The ceiling fan locations should be every 16 feet and should be a minimum of 4 feet in blade width. This will ensure the maximum amount of air movement. Because of the open structure of a porch, the amount of air movement is going to be generally straight down from the fan. But if the center of the fans are only 16 feet apart, this makes the fans really only 8 feet apart from the tips of the blades. The amount of dead air is thus minimal.
If the porch is a square structure, one large fan may be adequate to move enough air for comfortable temperatures.
Fans do not draw much electricity and can be wired on one circuit with one switch for the entire porch. The fans are typically 15 amps and require a 15 amp breaker at the circuit panel. If the fans have lighting attached to them, a separate switch and 15 amp breaker should be dedicated to this circuit. 15 amp circuits require 14 AWG 2 wire romex cable. This wiring always includes a ground and is grounded at each fan and at the panel.
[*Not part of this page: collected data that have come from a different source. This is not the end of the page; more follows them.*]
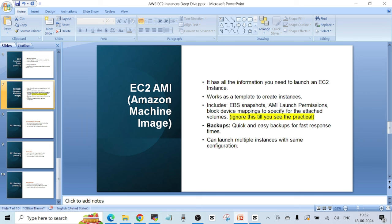When you launch an instance from an AMI, it will have the same data as when the AMI was taken. This is one more way of taking a backup of your EC2 instance — take an AMI and store it. You can also launch multiple instances with the same configuration using an AMI. All the practical work on EC2 AMIs will be covered in the next video.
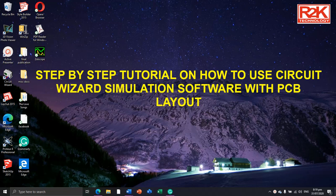Hi everyone, welcome to my channel. Today I am going to present a simple step-by-step tutorial on how to use CircuitWizard Simulation Software.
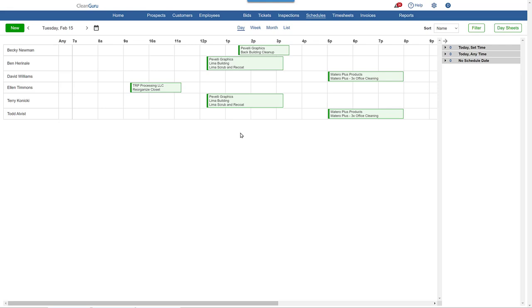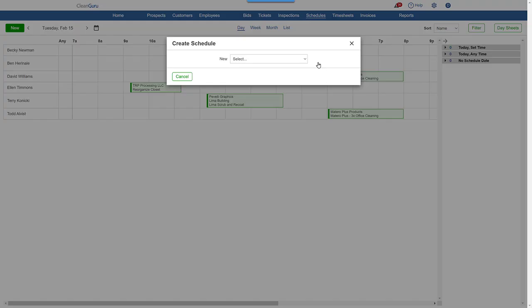Just click on the box corresponding to the person and the starting time you want for this ticket, and click Create New. Then, since it's one time, we'll choose Ticket rather than Template.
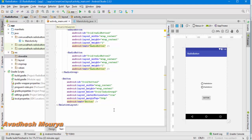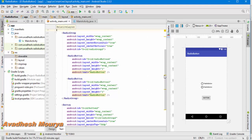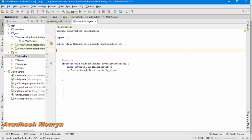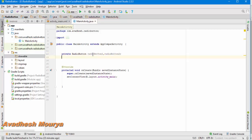First, we create a radio group and in that group we will take two radio buttons. Second, we take two custom images and then create a drawable file in the drawable folder, and use those images in that drawable file. The drawable file we will use in the radio button's property. Watch the video and you will understand better. If you find this video useful or you like it, please share, comment, subscribe, and press the bell icon so you will never miss information about the next video. Thank you very much.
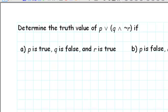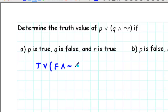Determine the truth value of P or Q and not R if P is true, Q is false, and R is true. The first thing we'll do is just substitute the truth values into the given statement. We'll substitute true for P, false for Q, and true for R.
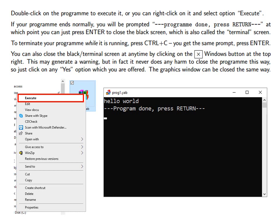To terminate your program while it is running press Ctrl and C together and you will get the same prompt and then you press Enter.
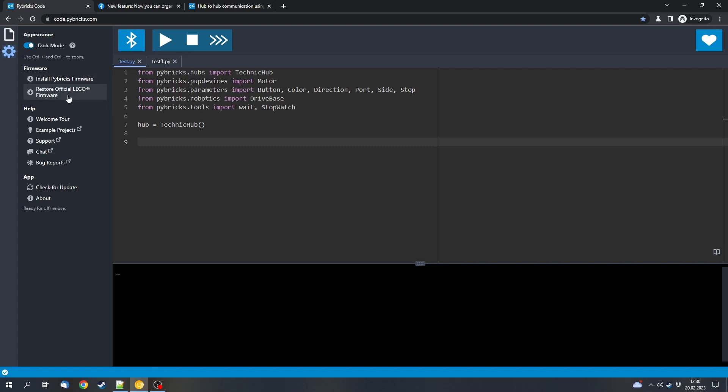For the Spike Hub it will install the firmware 2 and not the third firmware for the latest update for the Spike Prime software. So you can use this to downgrade the Spike Prime software. And then you can use the Spike App 3 to update to the version 3 if you want to change from Pybrix to version 3.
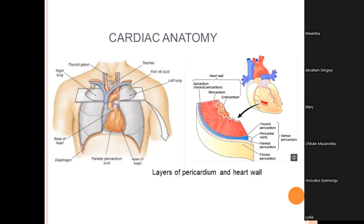We cannot talk about the heart without discussing its anatomy. The heart sits in the chest, very much in the center, with one third protruding to the left because the heart lies very oblique, surrounded by lungs with the great vessels above at the base. There is also a picture showing the layers: the epicardium on the outside, the myocardium, and the endocardium — these are the muscles of the heart.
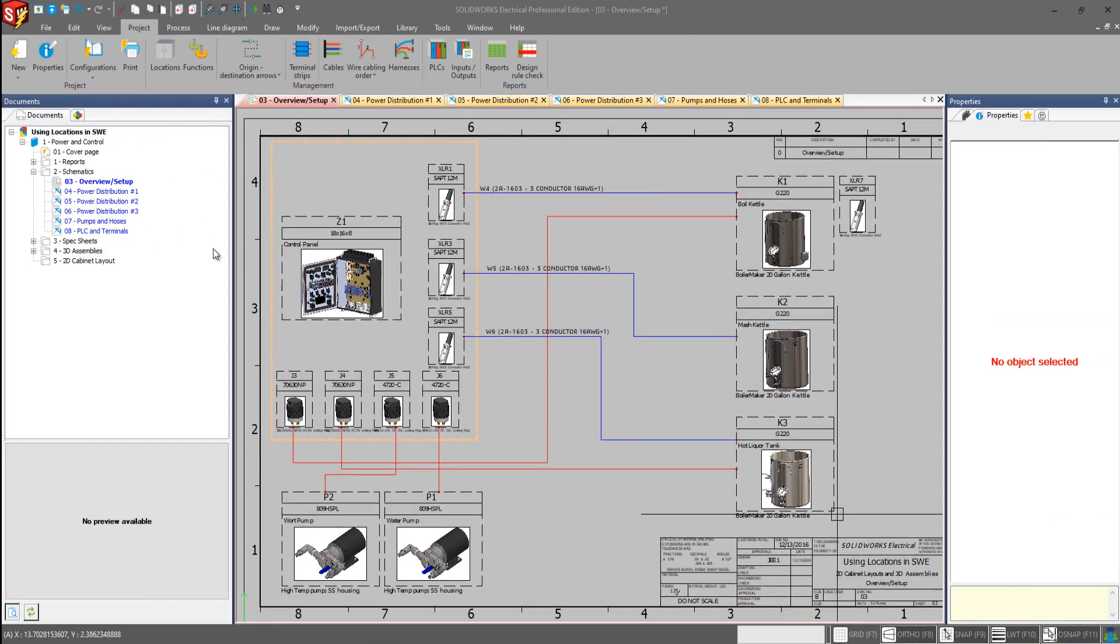Hi, my name is Chance Riven with GoEngineer, and today we'll be talking about using locations within SolidWorks Electrical.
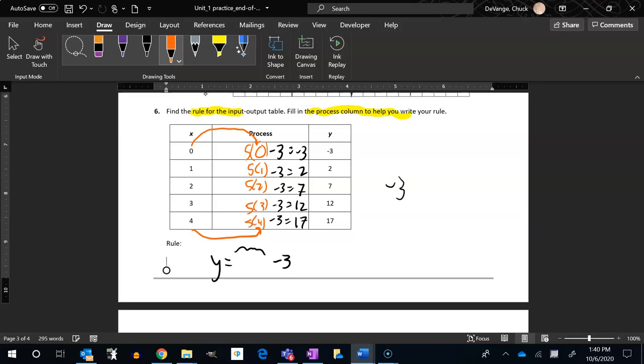So I think I see my rule. It's going to be five times whatever the input is minus three.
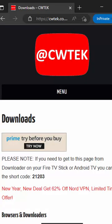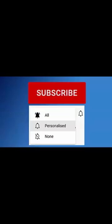Don't forget to hit that like button, share this video, and subscribe to my channel. Thanks for watching.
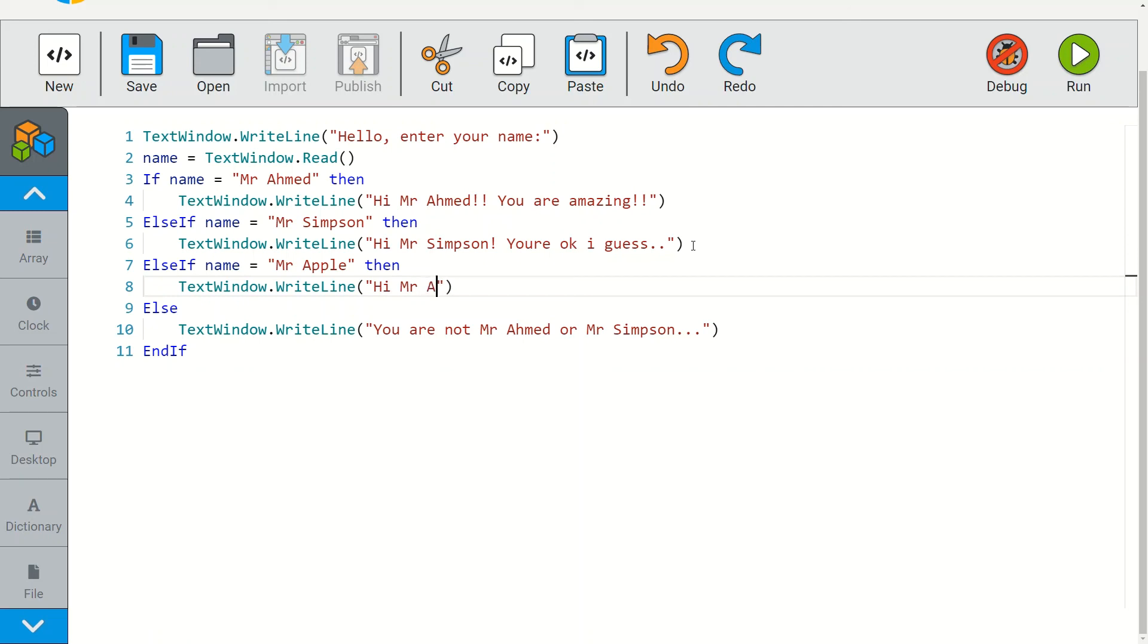So else if statements are basically used to check multiple conditions, and you would use an if statement just to check one single condition.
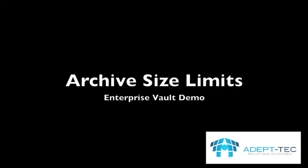Hello, welcome to a short video on how to set Enterprise Vault archive size limits.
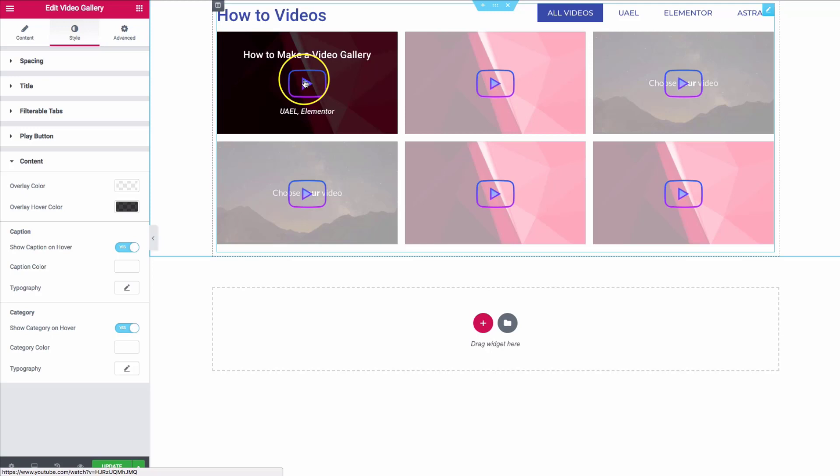I hope you guys find this video useful. Hit the like button and subscribe to the channel for more such videos, and we will see you guys next time.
Ceiling fans can dramatically lower the outdoor temperature of a small area such as a porch. With the strategic placement of fans along a long front porch, or even a small covered patio, your guests can enjoy the great outdoors in the summer heat, without feeling it. This concept is not a new one. The southern plantation house have used ceiling fans to cool their porches and homes since the early 1900’s. Becoming part of this tradition is something that is not only historical, but also very green, which just happens to be trendy.